Originally, Lipman was adamant about making every piece of glass with her own two hands, but as she has evolved from single-piece works to increasingly elaborate installations that involve 400 or more individual pieces and countless production techniques, she has learned to embrace the collaborative nature of her medium. Glass blowing is not a solitary pursuit (according to Lipman, it’s not uncommon to find yourself dependent upon the technical expertise of half a dozen people). And even the glass seems to have its own agenda. “Making sculpture can be a humiliating experience for me because you are always confronted with the fact that you are human,” she says.

 

 

And while she is the first to admit that she is not a master craftsman, this, she believes, is what ultimately sets her apart as an artist.
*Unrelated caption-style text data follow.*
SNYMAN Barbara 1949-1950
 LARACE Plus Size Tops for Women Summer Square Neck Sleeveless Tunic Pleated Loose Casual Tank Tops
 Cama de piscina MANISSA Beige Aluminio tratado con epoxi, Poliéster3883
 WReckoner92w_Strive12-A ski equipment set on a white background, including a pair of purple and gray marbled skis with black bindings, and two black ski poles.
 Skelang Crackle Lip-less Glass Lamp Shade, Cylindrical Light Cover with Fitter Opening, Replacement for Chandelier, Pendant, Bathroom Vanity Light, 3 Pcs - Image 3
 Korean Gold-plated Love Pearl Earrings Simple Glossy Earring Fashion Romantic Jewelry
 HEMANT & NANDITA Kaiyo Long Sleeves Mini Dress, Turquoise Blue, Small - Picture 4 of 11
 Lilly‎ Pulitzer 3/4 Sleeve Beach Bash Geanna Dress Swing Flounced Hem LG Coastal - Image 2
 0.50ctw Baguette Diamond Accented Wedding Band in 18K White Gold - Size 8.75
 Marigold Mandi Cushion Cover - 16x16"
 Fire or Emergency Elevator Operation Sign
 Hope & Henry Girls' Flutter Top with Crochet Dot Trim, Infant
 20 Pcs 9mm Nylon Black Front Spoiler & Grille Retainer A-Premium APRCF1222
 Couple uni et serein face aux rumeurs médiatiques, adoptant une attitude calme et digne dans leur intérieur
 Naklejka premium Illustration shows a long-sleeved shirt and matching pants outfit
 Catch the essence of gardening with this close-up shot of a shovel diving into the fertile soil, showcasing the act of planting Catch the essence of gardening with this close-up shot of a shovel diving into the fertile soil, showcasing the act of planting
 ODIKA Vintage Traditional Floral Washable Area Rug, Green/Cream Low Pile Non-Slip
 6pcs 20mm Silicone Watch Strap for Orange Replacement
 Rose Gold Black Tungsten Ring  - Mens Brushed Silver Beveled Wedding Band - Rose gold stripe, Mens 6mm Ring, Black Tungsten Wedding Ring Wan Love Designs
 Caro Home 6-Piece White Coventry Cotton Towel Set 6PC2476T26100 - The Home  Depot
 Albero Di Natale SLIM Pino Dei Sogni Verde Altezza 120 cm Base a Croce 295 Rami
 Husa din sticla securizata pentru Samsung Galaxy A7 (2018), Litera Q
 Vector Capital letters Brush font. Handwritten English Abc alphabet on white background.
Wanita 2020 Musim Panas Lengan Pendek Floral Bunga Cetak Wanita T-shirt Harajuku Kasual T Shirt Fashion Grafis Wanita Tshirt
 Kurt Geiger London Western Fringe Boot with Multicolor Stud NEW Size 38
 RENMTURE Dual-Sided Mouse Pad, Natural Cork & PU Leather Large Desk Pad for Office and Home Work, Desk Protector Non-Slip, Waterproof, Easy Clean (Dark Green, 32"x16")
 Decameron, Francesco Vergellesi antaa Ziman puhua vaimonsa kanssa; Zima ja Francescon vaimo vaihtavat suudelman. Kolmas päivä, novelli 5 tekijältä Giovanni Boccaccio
The tension in her work, she is quick to point out, doesn’t come from its technical virtuosity but from the feeling of “Oh my God, it’s broken and it’s on the table.” Lipman doesn’t reject anything that she makes. “Basically, I’m a hack,” she says. “But I’m setting deliberate parameters so I don’t become too invested in the crafts process. I want it to be about the fragility of life and the inability to achieve perfection.”

 

 

Recently, however, Lipman had a brush with perfection when she was given the opportunity to work with Steuben Glass, the venerable American glass company based in Corning, N.Y. Her “Grand Sculpture,” an assortment of historically exotic fruits (including a pineapple, a pear, various lemons, a pomegranate and so on), can be normally displayed according to an accompanying diagram — or not.

 


“It taps into every person’s need to nest and decorate,” she says of the piece, which will be available next month in a limited edition for $38,000. “And it allows the client to indulge in endless compulsive rearranging.”

 

 

This was the first time Lipman had worked solely as a designer, leaving the glass making in someone else’s hands. “These are people who have been blowing glass for 30 years,” she says of the Steuben craftsmen. “I say, ‘Let’s make a persimmon,’ and they nail it. But their tendency is toward perfection. I am thinking, What would my work look like if it were more perfect? And here they are thinking, What would our work look like if it were more organic?”

 

 

But some aspects of the process will inevitably remain beyond human control. “Part of the work is taking risks with the installation,” Lipman says as she prepares herself mentally to remove the wooden braces from the glass settee. “Hopefully it will stand.” The bench in fact holds its weight, but either way she would have been fine. “It’s all a continuation of the life cycle,” says Lipman, who has been known to add one last grace note to her installations by sprinkling broken glass on the floor underneath the table. “I’m just a caretaker of objects that may or

may not survive with or without me.”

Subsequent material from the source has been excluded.